Polres Metro Tangerang Kota berhasil mengungkap peredaran obat keras ilegal dalam jumlah besar setelah menggerebek sebuah kontrakan yang dijadikan gudang penyimpanan di wilayah Tangerang. Dalam operasi tersebut, polisi menyita sebanyak 135.346 butir obat keras dari berbagai jenis, termasuk tramadol, hexymer, dan PCC.
Pemasok Utama Masih Buron
Kapolres Metro Tangerang Kota Kombes Pol. Raden Muhammad Jauhari menyatakan bahwa pihaknya saat ini tengah memburu pemasok utama yang diduga menjadi sumber peredaran obat keras tersebut. “Kami sedang melakukan pengejaran terhadap pemasok yang menjadi otak di balik jaringan ini,” ujarnya, Minggu (14/6/2026).
Jumlah barang bukti yang diamankan menunjukkan bahwa aktivitas peredaran obat keras ini berlangsung dalam skala besar dan berpotensi membahayakan masyarakat, terutama kalangan remaja. “Obat-obatan ini kerap disalahgunakan dan menjadi pemicu tindak kriminal serta kenakalan remaja. Oleh karena itu, kami akan terus mengembangkan penyelidikan untuk mengungkap pemasok utama dan jaringan yang lebih luas,” tegas Kombes Pol. Raden Muhammad Jauhari.
Dua Tersangka Diamankan
Sebelumnya, pada Jumat 12 Juni 2026, Polsek Benda berhasil mengungkap peredaran obat keras daftar G tanpa izin edar. Dalam operasi itu, polisi mengamankan dua orang terduga pelaku, yakni FN alias Botil (25) dan R alias Idung (24). Keduanya diduga berperan dalam jaringan distribusi obat keras ilegal di Tangerang.
Kapolsek Benda AKP Sriyono menjelaskan bahwa pengungkapan kasus berawal dari laporan masyarakat tentang maraknya transaksi obat keras jenis tramadol dan heximer secara cash on delivery (COD) di kawasan Poris. Setelah mengidentifikasi ciri-ciri pelaku, anggota berhasil menangkap seorang pria yang membawa obat keras tanpa izin edar.
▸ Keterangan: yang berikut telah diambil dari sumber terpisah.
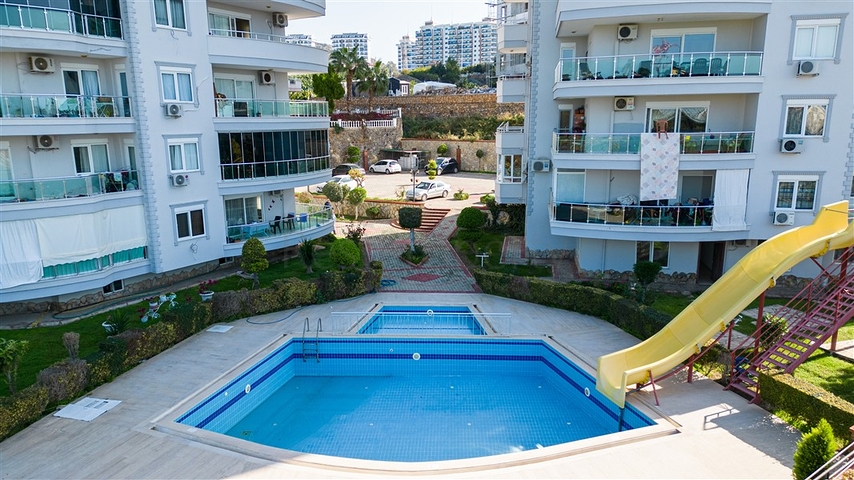 Geräumige 2+1-Wohnung im malerischen Teil des Bezirks Mahmutlar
Pengembangan lebih lanjut membawa petugas ke sebuah kontrakan yang dijadikan gudang penyimpanan.
Barang Bukti yang Disita
Dari penggerebekan tersebut, polisi menyita barang bukti antara lain:
- 78.510 butir Tryhex
- 45.200 butir Hexymer
- 5.306 butir Tramadol
- 6.000 butir PCC
- 190 butir Merlopam
- 130 butir Alprazolam dan Riklona
- Dua unit telepon genggam yang digunakan untuk transaksi
- Satu unit printer kemasan
- Satu unit sepeda motor
Komitmen Berantas Peredaran Obat Ilegal
Kapolres Metro Tangerang Kota menegaskan bahwa kasus ini menjadi bagian dari komitmen polisi dalam memberantas penyalahgunaan obat-obatan berbahaya. “Kami akan terus meningkatkan patroli, penyelidikan, dan penindakan terhadap peredaran obat keras ilegal. Kami berharap masyarakat tidak ragu melaporkan setiap aktivitas mencurigakan melalui layanan kepolisian maupun Call Center 110 yang siap melayani selama 24 jam,” pungkasnya.